## [EXERCISE DATA]
◆ ◆ ◆ ◆ ◆ ◆ ◆

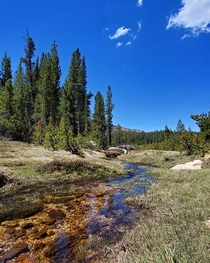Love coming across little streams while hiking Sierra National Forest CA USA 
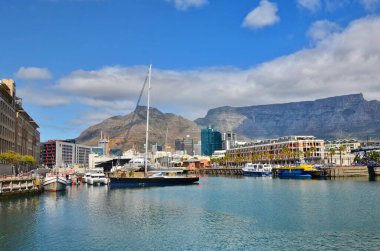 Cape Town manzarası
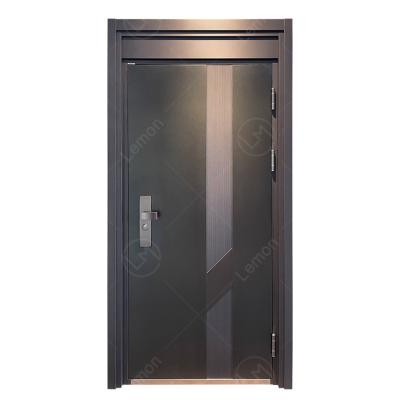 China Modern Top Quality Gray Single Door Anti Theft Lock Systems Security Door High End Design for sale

◆ ◆ ◆ ◆ ◆ ◆ ◆

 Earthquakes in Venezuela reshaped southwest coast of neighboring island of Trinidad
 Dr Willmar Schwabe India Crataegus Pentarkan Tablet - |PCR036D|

◆ ◆ ◆ ◆ ◆ ◆ ◆

## [DIRECTIONS FOR THIS TASK]
Copy only this part of the entries above: the line with "Earthquakes in Venezuela", the line with "Dr Willmar Schwabe", and the lines between, all exactly as written.

## [EXERCISE RESULT]
 Earthquakes in Venezuela reshaped southwest coast of neighboring island of Trinidad
 Dr Willmar Schwabe India Crataegus Pentarkan Tablet - |PCR036D|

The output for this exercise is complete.